The territorial and habitual residents of the territory in question were not (repeat not) a signatory any of these decisive documents. At the time of the San Remo Agreement, the territory in question was was under the effective control of the Enemy Occupied Territory Administration as "Enemy Territory."
Whether we can look back nearly a century ago and determine if the word “home”
(in the phrase Jewish National Home) (as used in the Balfour Declaration and subsequently in the San Remo Resolution) was simply a euphemism for "state" is irrelevant and overtaken by events.
Just as today, the Israelis cannot claim that it was an illegal abrogation of Jewish legal rights and title of sovereignty to the whole of Palestine and the Land of Israel, so it is similar that the Arabs had on claim to the legal rights and title of sovereignty to the whole of Palestine.

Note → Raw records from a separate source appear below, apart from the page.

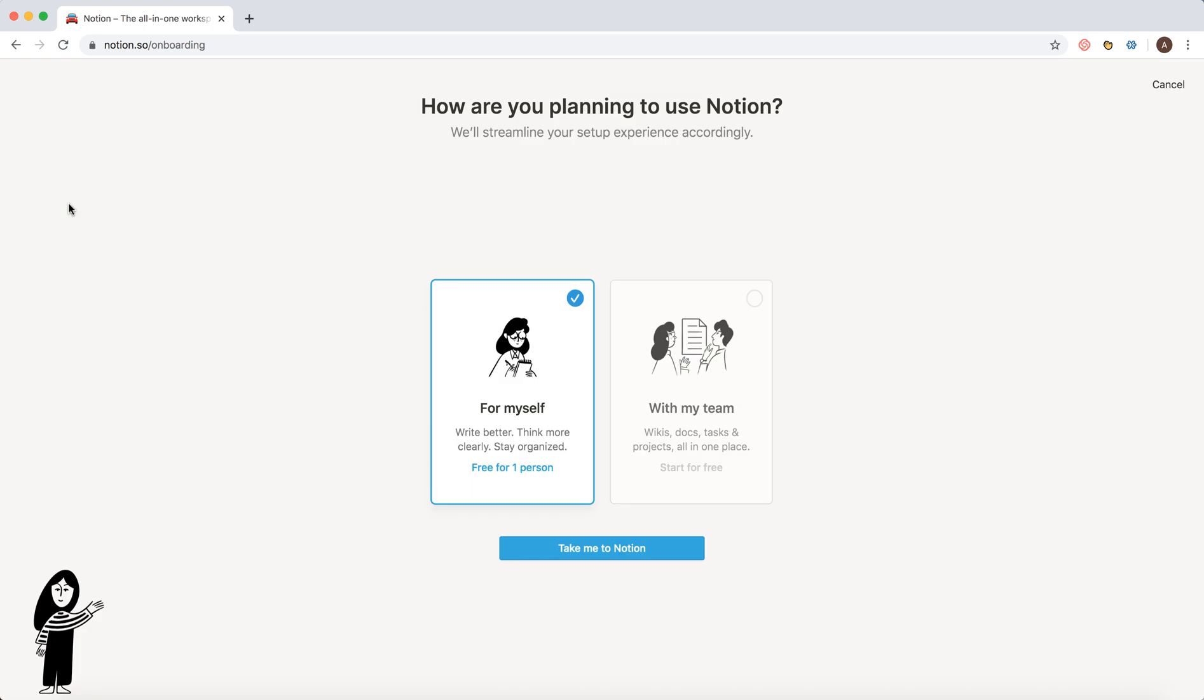So let's do it. Create our workspace. There are two options: you can create for myself or with your team. For myself, it's just free for one person. With a team, you'll probably need to pay.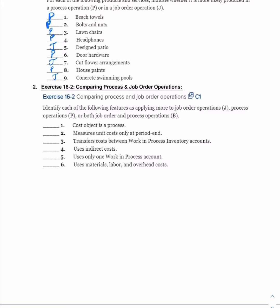Continuing to compare process and job order operations: cost object being a process — process operation. Measures unit costs only at period end — process operation. Transfers costs between work in process inventory accounts — process operation. Use of indirect costs — both process and job order. Uses only one work in process account — job order costing. Uses materials, labor, and overhead — both process and job order.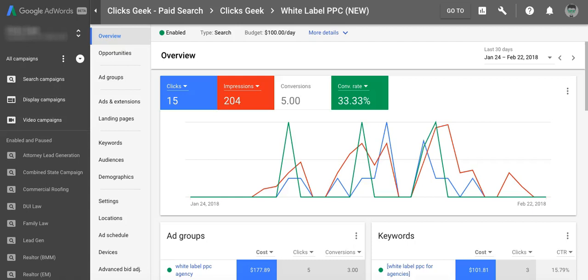What's up guys? Rob from myppctraining.com and in today's video we're going to dive right in to setting up AdWords ad schedules and how to increase your lead quality by up to 70% by optimizing them with just a few tactics I'm about to show you.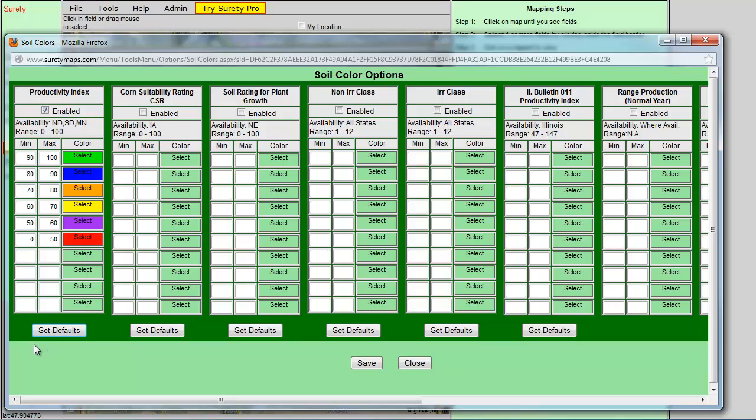If you prefer, you can customize the values and the colors for your needs.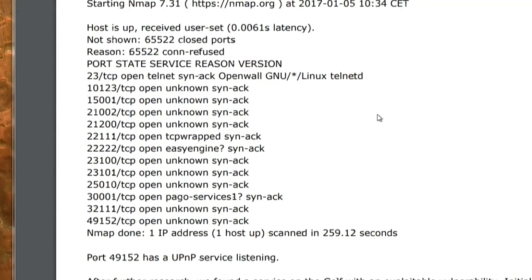22222 — aside from 23, none of these are standard ports, so no one will be able to figure out what they do. No one will even think of looking up there. And then there's 49152.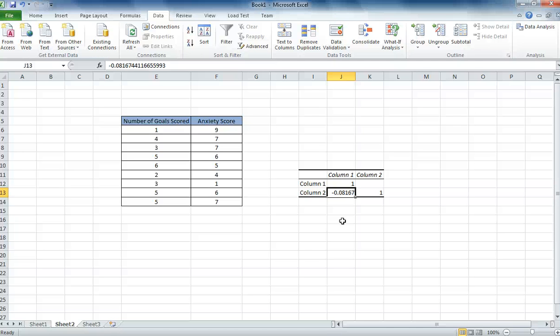And then to work out if it's significant, we need to compare it to a correlation coefficient table, which can usually be found in an appendix of a statistics book. But in terms of today, we've run a correlation and we've calculated the correlation coefficient is minus 0.08.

It was an issue and political question for the Allied Powers to resolve
(as holders of the title and rights to the territory).
It should be noted and understood that it was the "ALLIED POWERS" that designated the Council of the League of Nations as the supervisor of the Mandatory and not the other way around.
The authority for Israel declaring independence comes from two sources: Chapter 1 of the UN Charter and inherent right of all people to self-determination.
No matter the claim by the Arab Palestinian or the external Area League aggressors attempting to prevent the Israeli right to self-determination from becoming a reality, the Israeli right of self-determination was as strong as any claim against them. And the Israeli successfully defended that right.
The validity of that right was born out by the lack of performance in development by any of the Area League Aggressors that choose Jihad over Peace; and the lack of political stability by and of the immediate Arab Neighbors. Palestinians that base their existence of generation promotion of jihad, are not inherently peaceful people.
GLOSSARY OF TERMS:
DEFINITION OF PRINCIPAL TERMS IN INTERNATIONAL RELATIONS
1, State: a large social system with a set of rules that are enforced by a permanent administrative body (government). That body claims and tries to enforce sovereignty. That is, the state claims to be the
highest source of decision-making of the social system within its jurisdiction, and it rejects outside interference in making or enforcing its set of rules. The many smaller systems within the state are not
sovereign, nor are large international organizations like the United Nations, since states routinely reject their authority. The state is a political concept that refers to the exercise of power or the ability to make and enforce rules.
2. Sovereign: ultimate power to control people and events within the area of the state.
3. Nation: a group of individuals who feel that they have so much in common (interests, habits, ways of thinking, and the like) that they should all become a particular state. Unlike the term state, the term
nation refers to the subjective feelings of its people. By this definition almost all the present nations would like to become nation-states, but many nations are actually parts of other states, and many states are not nation-states. On the whole, nation-states can count on much greater loyalty from their citizens than states that contain many nations, and this gives them greater strength in their inter-national dealings. (As you can see, the term “international” should really be “interstate”).
4. Society: the population controlled by a state, or the population that forms a nation, or both. Some societies are territorially limited to a single geographical area and a single state while others are not.
5. Country: a well-defined geographical area. The term simply refers to a spatial concept.